Hulu viewers generate a tremendous amount of data: our users watch over 400 million videos and 2 billion advertisements a month. Processing and analyzing that data is critical to our business, whether it is for deciding what content to invest in in the future, or to convince external partners on the superiority of Hulu as an advertising platform. In this presentation we will provide an overview of our entire data platform, from collecting and storing the raw event data, to transforming it into a relational structure and performing analysis. We will describe how and for what purpose we use various technologies in the Hadoop ecosystem such as MapReduce, HBase and Hive. The key focus in the talk will be to describe how data flows through our pipeline, and how we have built a powerful toolchain, both on top of, and around Hadoop, to suit our business needs. We will also compare and contrast our methods with those we have seen adopted by other companies seeking to perform similar tasks
Prasan Samtani is a software developer at Hulu working on the data platform team, which focuses on building components on top of Hadoop to enable data ingestion, processing, job scheduling, and preparation for analysis. Previously, he was at Alelo, a company designing virtual humans for language and culture training. His interests are in distributed systems, high level languages, and artificial intelligence, and he is a computer history aficionado.

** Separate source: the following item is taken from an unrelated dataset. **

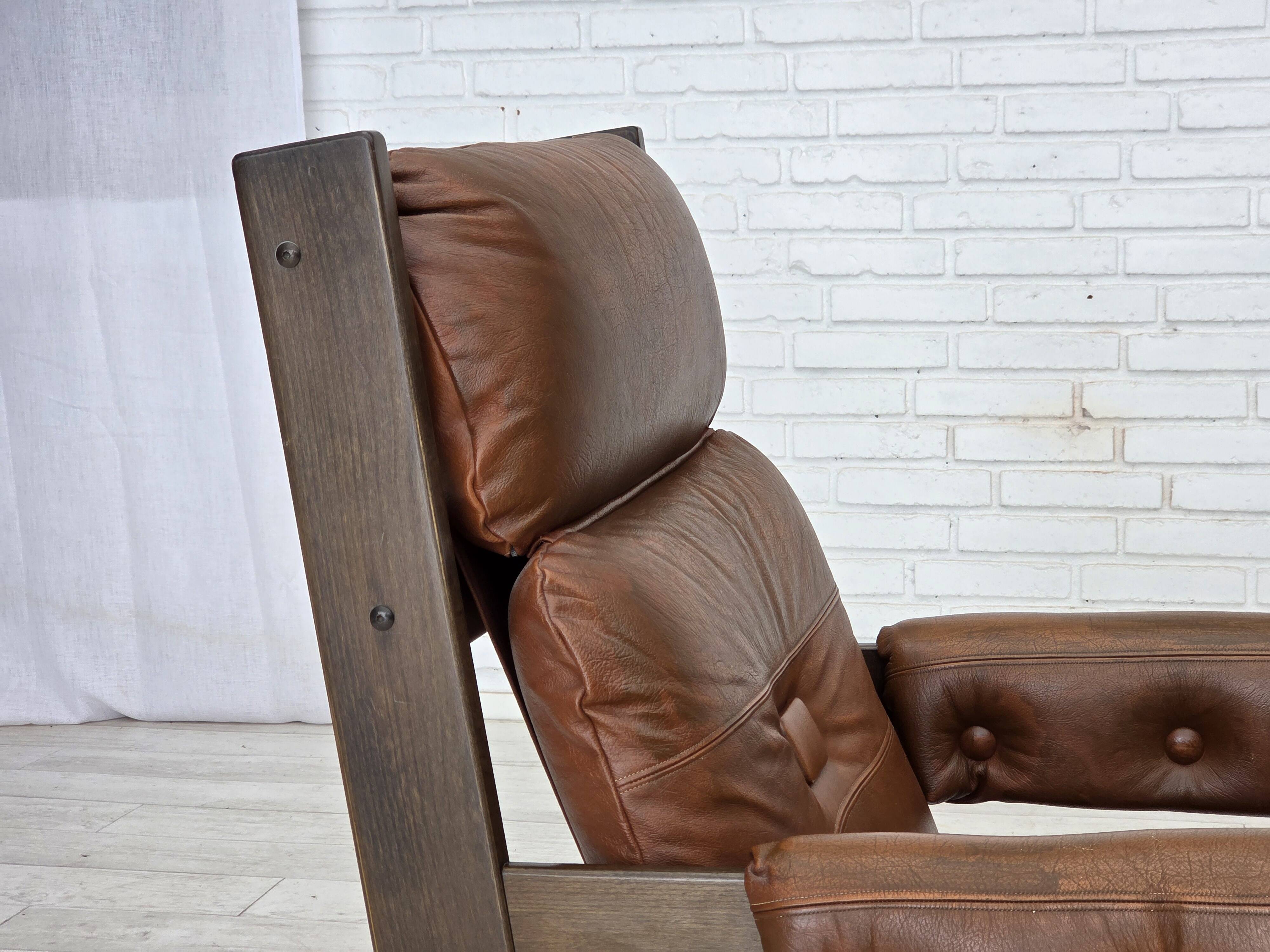 1970s, Scandinavian armchair, furniture leather, canvas, oak wood.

Tristan Reid is a senior software developer at Hulu leading the metrics and reporting tools (MART) team, which focuses on building a toolchain around our data platform to enable easy reporting, ingestion and monitoring. Prior to Hulu, Tristan was VP of Solution Design at Ares Mgmt, leading a team building research tools for investment professionals. He has taught software development courses for IBM, BEA Systems and others in the US, Europe and Asia. Previously, Tristan built risk management and data analysis tools at Capital Research as a Quant Research Associate. Before his career in finance, he participated in a number of start-ups, both as a resource and as principal.